Demand for Firewood is Rising as Europeans Resort to Traditional Fuel

Demand for wood that has been divided into pieces for firewood is growing throughout Europe and surrounding countries. A businessman, who owns a warehouse close to Tempelhof Airport in Berlin, is installing a new security gate there because he is worried about desperate people stealing his products. The priceless resource in jeopardy is firewood.

His actions are a reflection of the growing worry felt by Europeans as they prepare for this winter’s energy shortages and potential blackouts. The latest indication of the region’s crucial position as Russia reduces supply in the standoff over the war in Ukraine is the alleged destruction of the Nord Stream gas pipeline.

European Union leaders met in Prague on Friday but were unable to reach consensus on a gas price ceiling due to worries that such a measure may jeopardise regional supplies.

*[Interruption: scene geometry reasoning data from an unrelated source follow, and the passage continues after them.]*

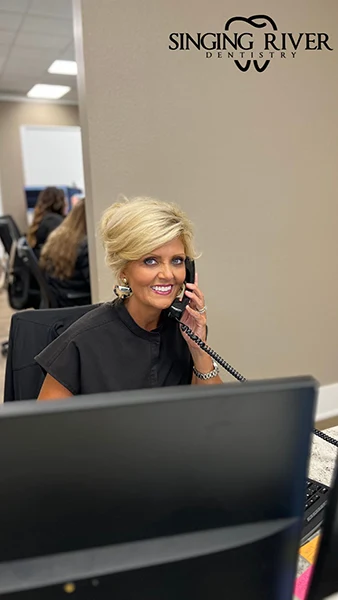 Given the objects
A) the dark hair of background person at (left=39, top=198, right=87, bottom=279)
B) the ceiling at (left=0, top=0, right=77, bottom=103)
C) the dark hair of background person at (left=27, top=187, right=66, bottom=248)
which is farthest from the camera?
the dark hair of background person at (left=27, top=187, right=66, bottom=248)

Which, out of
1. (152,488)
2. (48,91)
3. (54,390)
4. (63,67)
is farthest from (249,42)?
(48,91)

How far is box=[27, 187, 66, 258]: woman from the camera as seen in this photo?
4.25 m

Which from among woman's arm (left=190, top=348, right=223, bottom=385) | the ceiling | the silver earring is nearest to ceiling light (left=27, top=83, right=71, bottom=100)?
the ceiling

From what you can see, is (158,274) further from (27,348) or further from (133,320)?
(27,348)

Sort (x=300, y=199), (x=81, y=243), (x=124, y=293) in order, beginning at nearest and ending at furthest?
(x=124, y=293) → (x=300, y=199) → (x=81, y=243)

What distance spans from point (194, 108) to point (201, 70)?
0.17 metres

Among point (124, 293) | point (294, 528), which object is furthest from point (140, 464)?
point (124, 293)

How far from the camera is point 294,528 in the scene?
0.53 metres

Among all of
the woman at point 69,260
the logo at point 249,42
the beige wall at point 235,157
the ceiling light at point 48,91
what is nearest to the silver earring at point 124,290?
the beige wall at point 235,157

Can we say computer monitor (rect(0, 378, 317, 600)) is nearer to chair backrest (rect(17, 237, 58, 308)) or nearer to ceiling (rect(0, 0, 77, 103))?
chair backrest (rect(17, 237, 58, 308))

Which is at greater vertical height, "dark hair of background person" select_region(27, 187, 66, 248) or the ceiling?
the ceiling

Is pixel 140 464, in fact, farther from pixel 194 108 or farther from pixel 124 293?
pixel 194 108

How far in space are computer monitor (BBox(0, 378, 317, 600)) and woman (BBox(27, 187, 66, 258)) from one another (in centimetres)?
393

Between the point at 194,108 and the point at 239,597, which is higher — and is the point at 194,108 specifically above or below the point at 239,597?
above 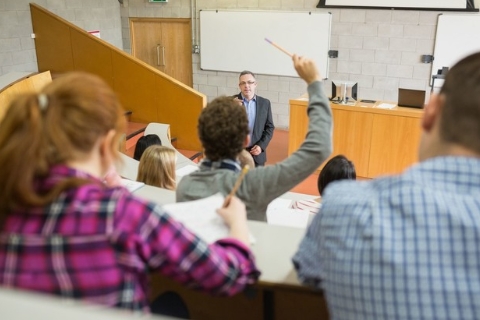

Since natural gas and electricity account for up to 70% of heating in Europe and Russian deliveries have been significantly restricted, wood, which is already used by over 40 million people for warmth, has grown in demand.

Other Countries

In France, the cost of wood pellets has nearly doubled to 600 euros per tonne, and there are indications that people are buying it in a panic. Hungary even went so far as to forbid pellet exports, and Romania put a six-month price cap on firewood. Deliveries of wood stoves might now take months.

Along with worries about shortages, a rise in living costs is being exacerbated by the energy crisis, with euro-zone inflation reaching double digits for the first time ever in September. A growing number of struggling households in the area are forced to choose between heating and other necessities.

A producer of high-end tiled stoves that typically cost 86,000 Swedish kronor, has seen a surge in demand as a result of the trend. Due to their complex design, which uses numerous channels to store and transport heat, stoves can keep a room warm for 24 hours.

Customers now have to wait until March for delivery, up from as little as four weeks a year ago due to a more than fourfold increase in orders.